Zondag dan was het sluitstuk van de week met een duurloop van ruim 18 km, met daarin 8 strides (100 m versnellen, gevolgd door 100 m wandelen als herstel). Mijn richttempo was tussen 6:09 en 7:14 min/km en op de heenweg was dat makkelijk te handhaven, omdat ik wind achter had. Op de terugweg waren de benen al moe en met de wind tegen kreeg ik telkens een hartslagalarm te horen, waardoor ik moest afremmen. Na 14 km begon ik aan mijn 8 strides, elk tot een tempo sneller dan 4 min/km. Het gemiddelde tempo werd uiteraard trager vanwege het wandelen.

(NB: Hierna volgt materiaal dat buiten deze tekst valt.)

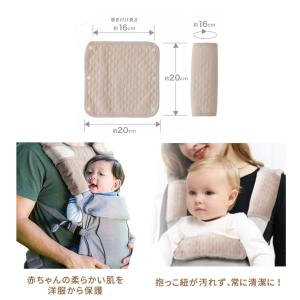 抱っこ紐カバー よだれカバー 防水 4枚 セッ...の詳細画像3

De koek was toen wel zo’n beetje op, want de vermoeidheid van de halve marathon van 8 dagen eerder was nog niet helemaal verwerkt en de strides zapte de energie uit mijn benen. Gelukkig gingen deze keer de strides me wel soepel af. Ik liep de een-na-laatste en laatste kilometer niet meer met wind tegen, maar ik moest toch langzamer lopen door de vermoeidheid na die 8 strides, erop geattendeerd door het hartslagalarm dat ik ingesteld had. Ik bleef gelukkig nog wel binnen het tempobereik dat ik voor ogen had (6:09 à 7:14 min/km). Volgende week gaat het vast beter.

April 2019

De hele maand april heeft in het teken gestaan van de halve marathon op de 27e, die zeer pittig bleek te zijn door een stevig waaiende wind. De weekomvang ging iets omhoog ten opzichte van maart, terwijl de gemiddelde trainingsbelasting nagenoeg gelijk bleef. Als ik beter wil presteren, zal ik toch iets harder en met meer kilometers per week moeten trainen in de komende maanden.

  • afstand: 248,53 km
  • tijd: 1d:01u:32m:03s
  • gemiddeld tempo: 6:15 min/km
  • gemiddelde weekomvang: 57,99 km
  • gemiddelde trainingsintensiteit: 84,2 min/week
  • gemiddelde trainingsimpuls: 502/week

De trainingsintensiteit is volgens Daniels’ Running Formula. De trainingsimpuls komt van Runalyze.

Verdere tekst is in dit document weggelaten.